Hmm, and so it doesn't crash in Docker but does crash on my native OS and in VirtualBox...
Did you ask on SO to get more advice? Maybe https://www.youtube.com/watch?v=jd6dJa7tSNU could be useful for you. In particular, it discusses various fields of the signinfo structure and also https://github.com/AdoptOpenJDK/openjdk-jdk11u/blob/5f01925b80ed851b133ee26fbcb07026ac04149e/src/hotspot/cpu/x86/assembler_x86.hpp#L99-L106. The presenter is also active on SO (as apangin) and often provides excellent advice.
> Did you ask on SO to get more advice?
So far, the situation has so few details and the reproduction is so flaky that I'm 95% certain that the question will simply be closed. But I will ask it once I stop coming up with new ideas.
Another thing I'm almost certain in is that it's not signals - I've already debugged that into oblivion.
And it's definitely not due to calling a native method.
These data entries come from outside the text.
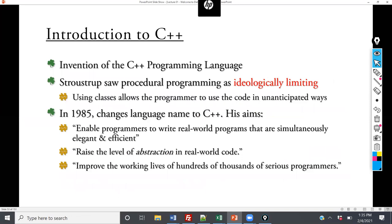He changed the name to C++, and the goal is to enable programmers to write real-world programs that are simultaneously elegant and efficient. That's the philosophy I want you to take away about data structures: is the code efficient? Is it easy to interpret? Is it easy for other people to use? His quote is to raise the level of abstractions — going from procedural to object-oriented programming. If you're having an initial hard time visualizing C++, that's perfectly okay; it's a different type of philosophy.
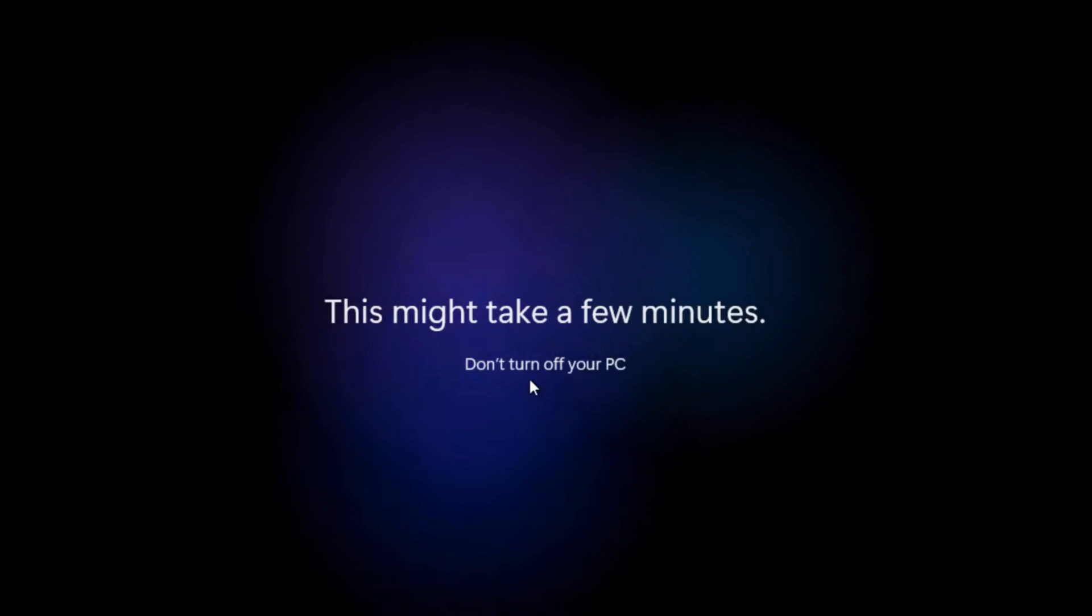Remember, your computer may restart multiple times during this phase. Once the reset is complete, you'll be greeted with the login screen.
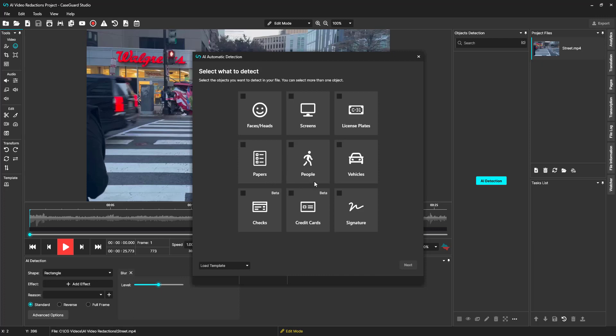People and vehicles will redact the entire person or car. Checks and credit cards are more intended for documents, but can be run on video as well. And we also have signatures.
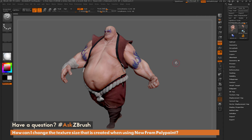This is Joseph Drust, and welcome back to another episode of Ask ZBrush. We had a question sent in asking: how can I change the texture size that is created when using New from Polypaint?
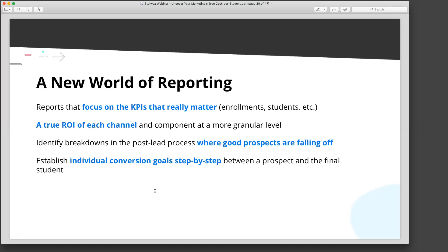So that actually doesn't fully solve the attribution piece. It gives you a better idea of which final touch points are converting lead to student at a better rate, and some idea of the costs associated. What we really want to see is: if there were 10 paid search keywords that drove someone to your website over 30 days, which ones played what role in them eventually becoming a student? Did all of them contribute? When did they occur? We want to see that across everything.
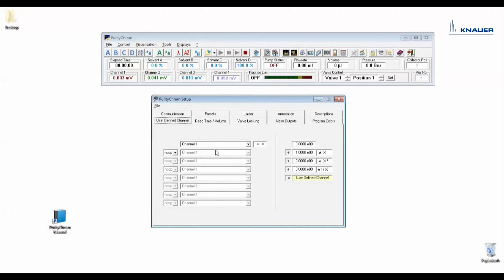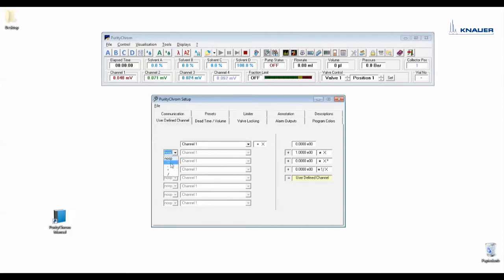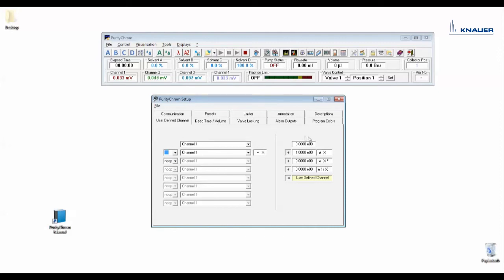Here you can define a user defined channel. For example if you have two pressure monitors before the column and after the column then you can enter here the two pressure channels and subtract them from each other. And then the software would show you the pressure over the column as user defined channel.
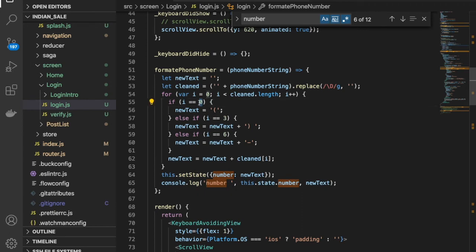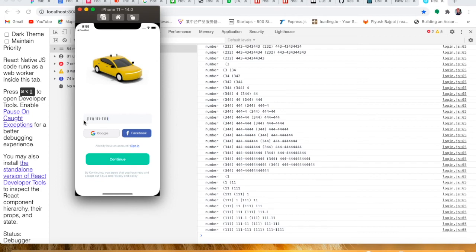In the next video we will discuss the country code picker — we'll make a custom country code picker component. I'll use a modal for that. When you click the country code area, a modal will appear with all the country codes, and you can select one to display it on this screen.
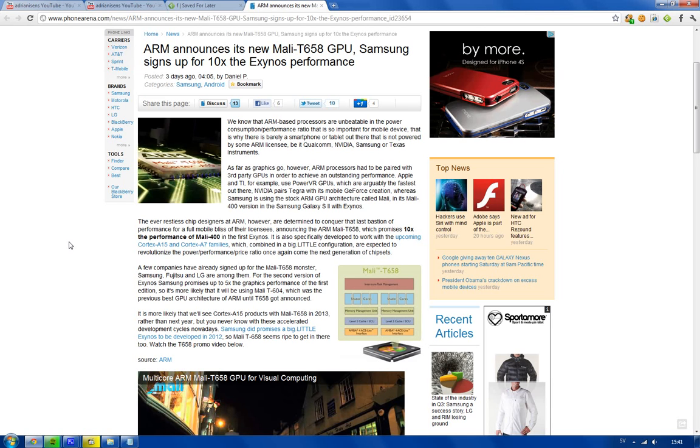Now, there's a really big difference between the Mali T658 and the Mali 400. It seems like this one's going to be 10 times the performance, and it's going to be like 10 times faster.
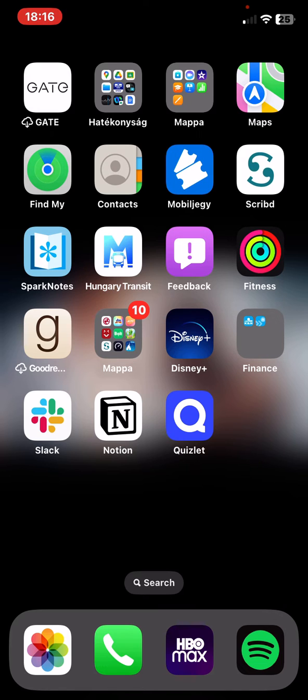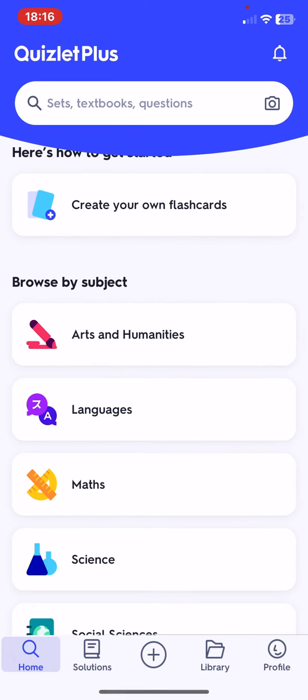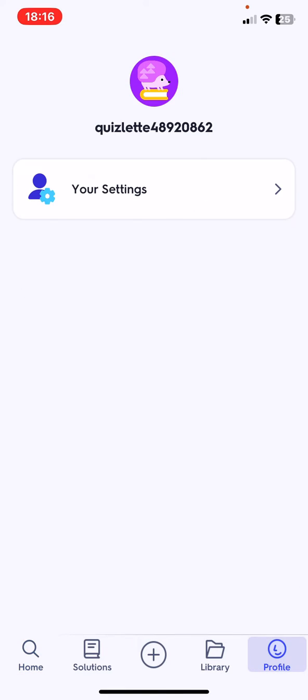Let's jump into it. First of all open the application on your phone, and then click on the profile button at the bottom of the page on the right.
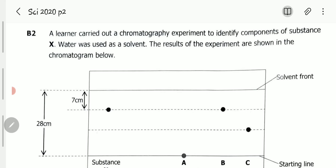Question B2 reads: A learner carried out a chromatography experiment to identify components of substance X. Water was used as a solvent. The results of the experiment are shown in the chromatogram below.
Because I don't call them. :) I just load a
.so file without doing anything else related to native code.
maybe the library has some strong symbols that, after loading it, take precedence over stuff that's normally a weak symbol
What do you mean by "strong symbols"? How would anything from a dynamic library take precedence over stuff outside of it given that you have to do an explicit symbol lookup upon the handle of that library to get a particular symbol?
a strong symbol is any symbol that is not a https://en.wikipedia.org/wiki/Weak_symbol.
> How would anything from a dynamic library take precedence over stuff outside of it given that you have to do an explicit symbol lookup upon the handle of that library to get a particular symbol?
By loading it with
RTLD_GLOBAL . Which I have no idea if
System/load does that.
Thanks for that link, I've never heard about it before.
But I should've specified what I meant by "stripping" in the OP. I used
strip --strip-all, so both
objdump now say that there are no symbols at all.
But also, what you describe, and given what the Wiki article says, weak vs. strong makes sense only when you still link to the library at the linking time, even if the library is dynamic.
But in my case, the library is never linked to. It's just loaded with
System/load, so there are no symbol look-ups happening at all.
the case I was describing should not actually happen with weak symbols. But it would happen with undefined symbols
foo is undefined in the global symbol namespace
2. we load a library that defines it using
3. somebody looks it up and does something depending on whether it's there
can you do
objdump -x anyway? there may not be symbols but there's still other metadata (section headers)
Disregard the odd extension,
.so.bin - I was just playing around with Ghidra and it refuses to overwrite original files.